What is expected:
Nothing should appear in the answer except the lines below from the line containing "3D printed articulate" through the line containing "Costum medical femei", copied exactly, with pictures left out.

Data supplied:
BEGIN
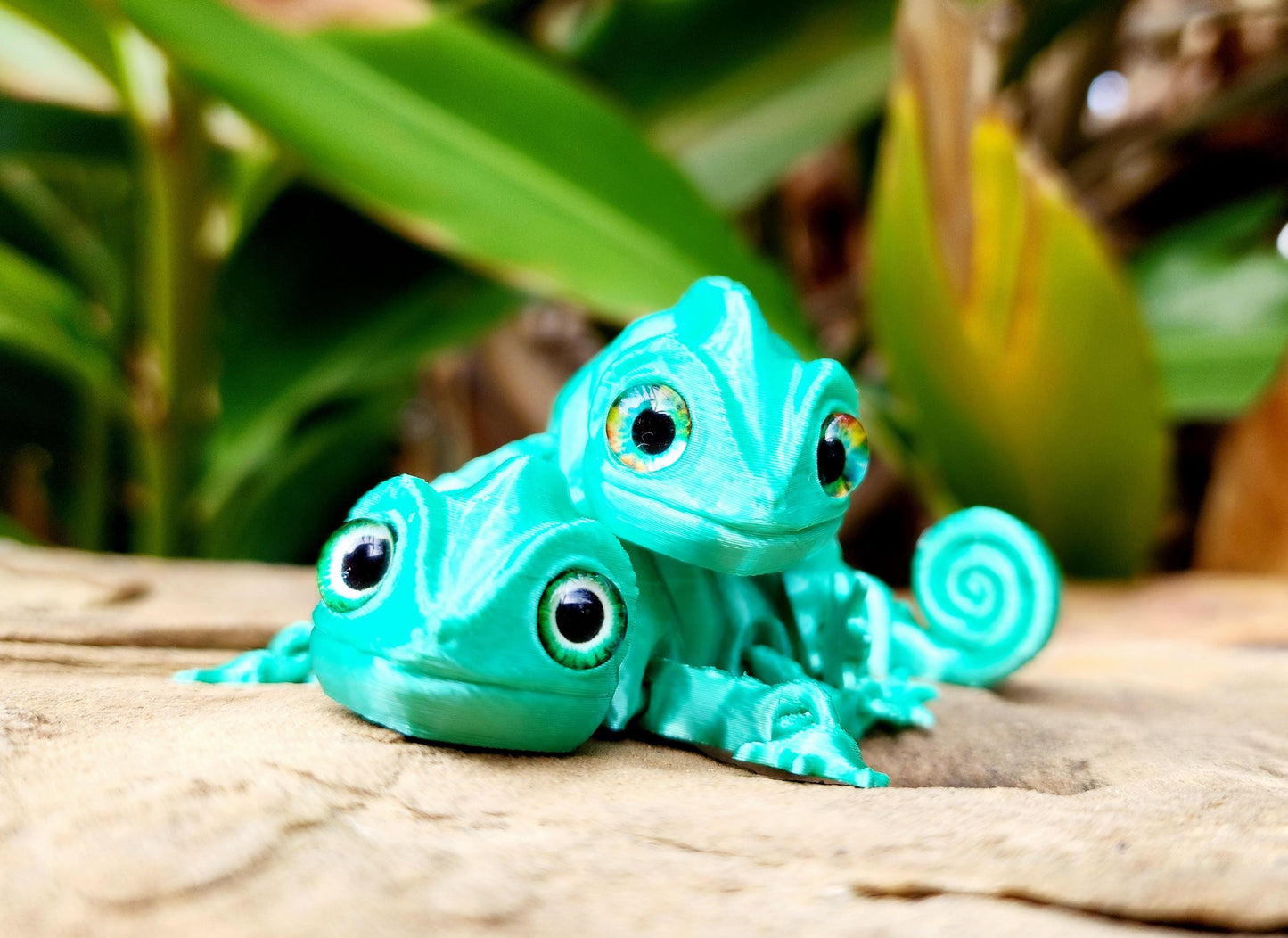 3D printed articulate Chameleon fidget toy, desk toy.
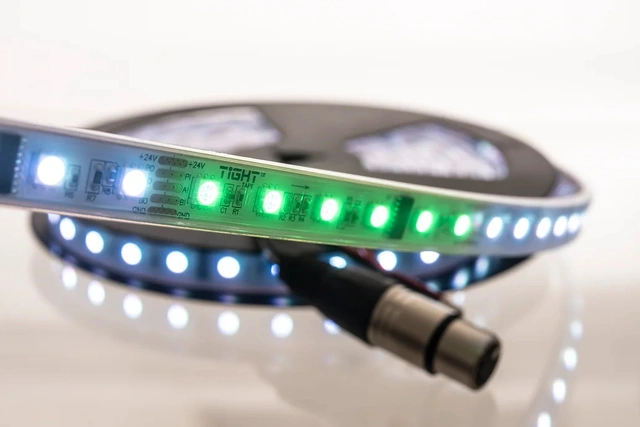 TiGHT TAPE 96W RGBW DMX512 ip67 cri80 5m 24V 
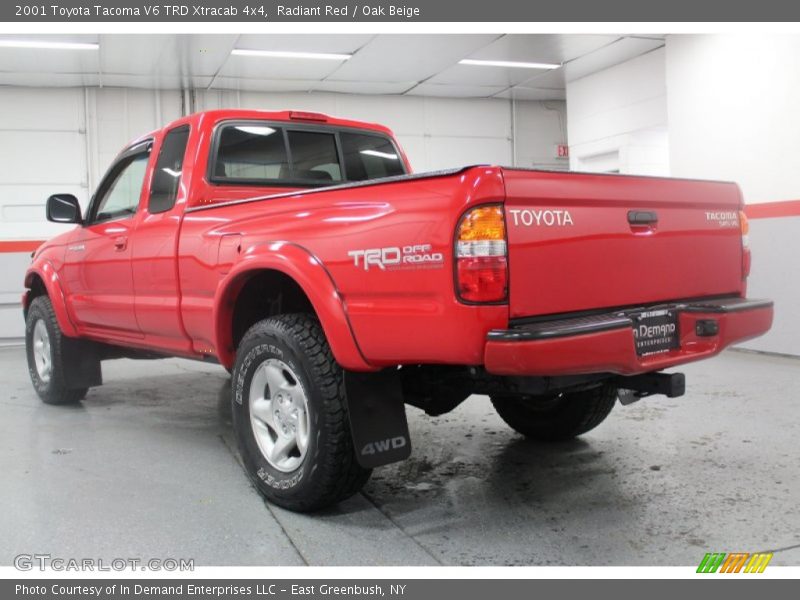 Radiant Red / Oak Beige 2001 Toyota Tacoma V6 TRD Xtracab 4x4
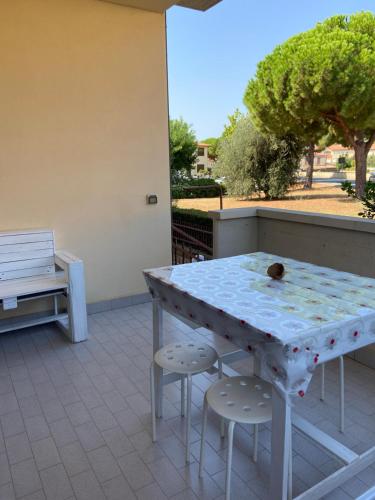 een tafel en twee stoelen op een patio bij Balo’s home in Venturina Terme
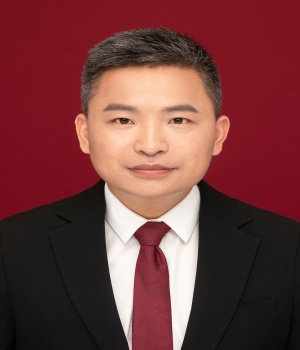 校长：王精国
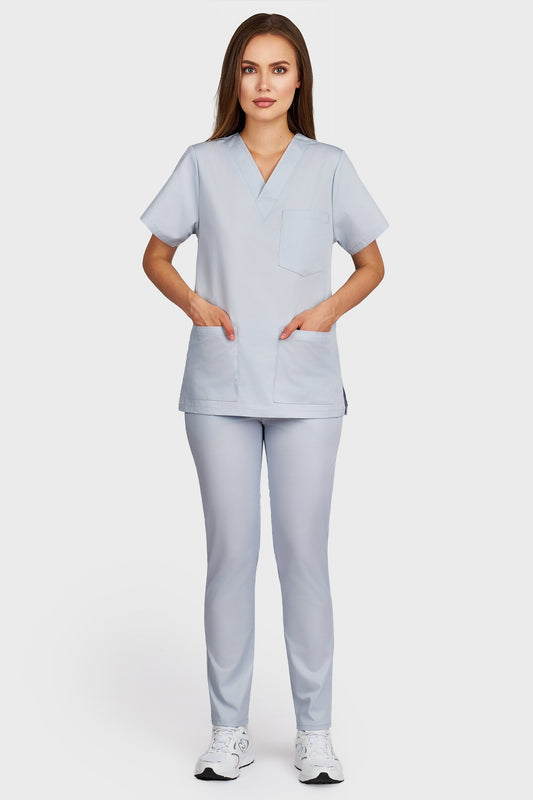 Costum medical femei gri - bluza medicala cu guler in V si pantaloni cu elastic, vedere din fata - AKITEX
END
BEGIN
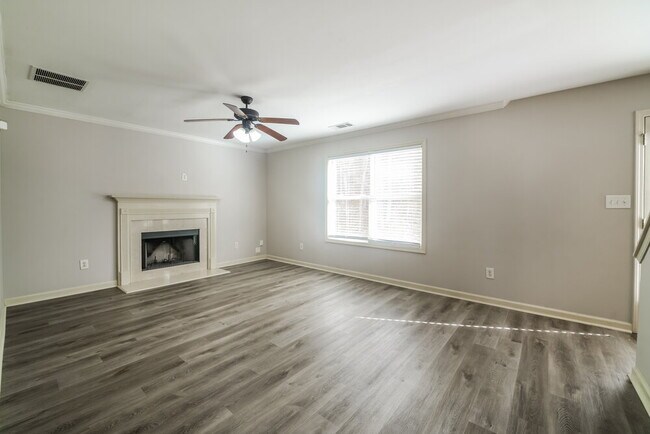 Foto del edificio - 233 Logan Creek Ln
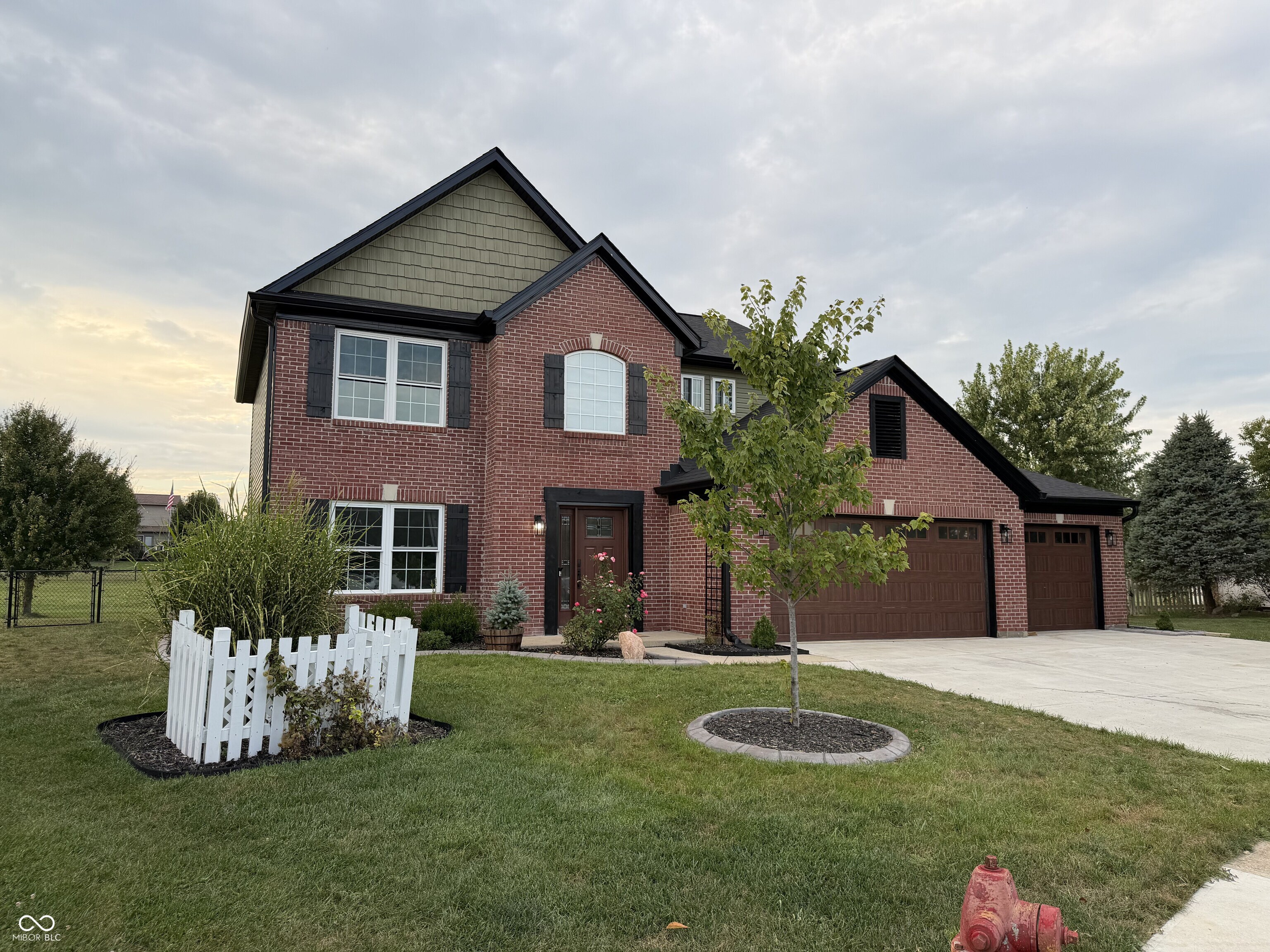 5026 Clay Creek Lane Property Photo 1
END
BEGIN
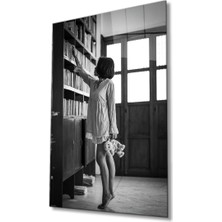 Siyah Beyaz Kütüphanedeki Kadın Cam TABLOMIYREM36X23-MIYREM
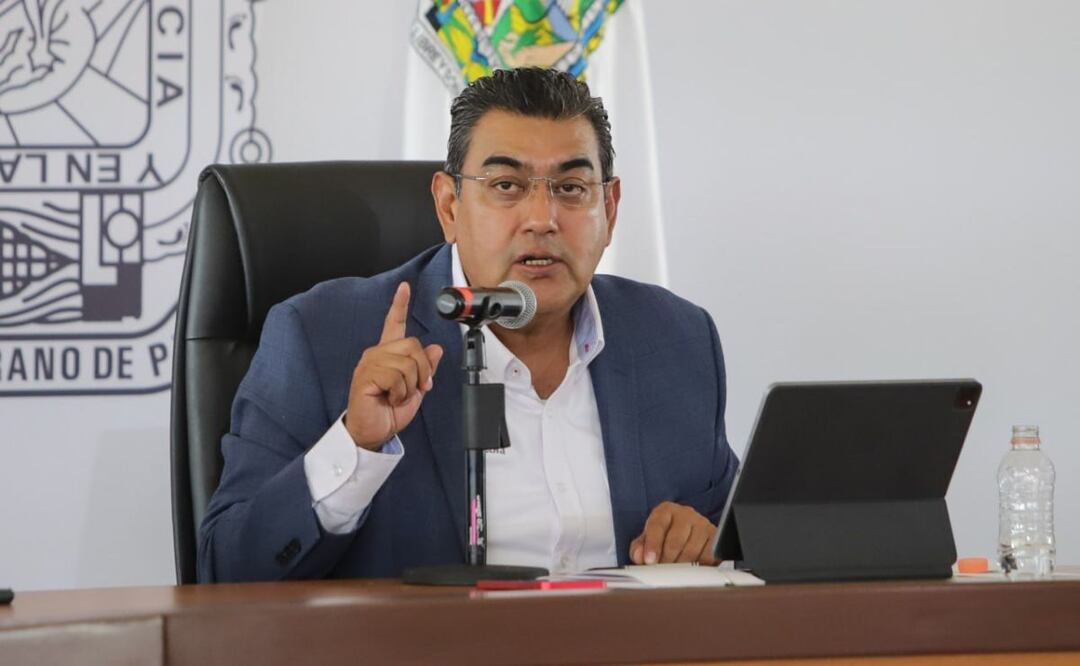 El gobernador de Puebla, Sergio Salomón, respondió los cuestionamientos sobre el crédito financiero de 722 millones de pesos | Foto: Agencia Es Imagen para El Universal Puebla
END
Worked solution:
 3D printed articulate Chameleon fidget toy, desk toy.
 TiGHT TAPE 96W RGBW DMX512 ip67 cri80 5m 24V 
 Radiant Red / Oak Beige 2001 Toyota Tacoma V6 TRD Xtracab 4x4
 een tafel en twee stoelen op een patio bij Balo’s home in Venturina Terme
 校长：王精国
 Costum medical femei gri - bluza medicala cu guler in V si pantaloni cu elastic, vedere din fata - AKITEX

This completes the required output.